Interview de la sénatrice Paoli-Gagin
Que ce soit en France ou dans le reste du monde, le recours aux outils fiscaux se multiplient afin d’inciter les entreprises comme les citoyens à modifier leurs comportements dans un sens plus vertueux pour l’environnement. Ces mesures fiscales environnementales peuvent prendre différentes formes, telles que des taxes, des subventions, des crédits d’impôt ou encore des réglementations…
Quelles sont les mesures fiscales les plus pertinentes selon vous en matière de transition écologique ? Quel bilan en tirez-vous ?
La transition écologique s’est imposée comme le défi majeur pour notre société et notre économie. La prise de conscience a été tardive mais elle est désormais bien réelle. Ce défi s’avère immense puisqu’il suppose une modification en profondeur de la façon dont nous produisons, dont nous consommons, dont nous nous déplaçons – bref, il faut décarboner tous les aspects de nos vies.

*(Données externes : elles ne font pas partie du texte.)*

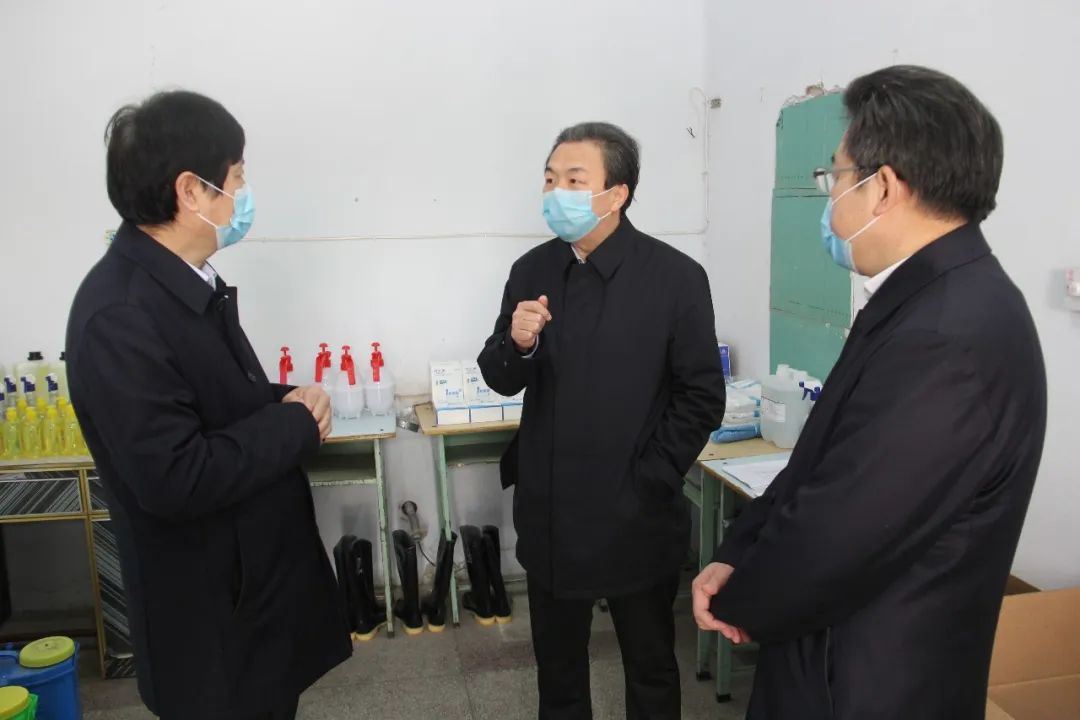 卫再学检查运城市区学校疫情防控工作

Cela suppose des investissements massifs pour opérer la transition dans chaque verticale industrielle. Le récent rapport de Jean PISANI-FERRY sur les incidences économiques de l’action pour le climat estime que le supplément d’investissement requis pour atteindre nos objectifs en matière de décarbonation dépasse 2 points de PIB par an jusqu’en 2030. C’est colossal. Il faut bien mesurer l’ampleur de cet effort supplémentaire pour formuler des propositions crédibles à la hauteur des enjeux.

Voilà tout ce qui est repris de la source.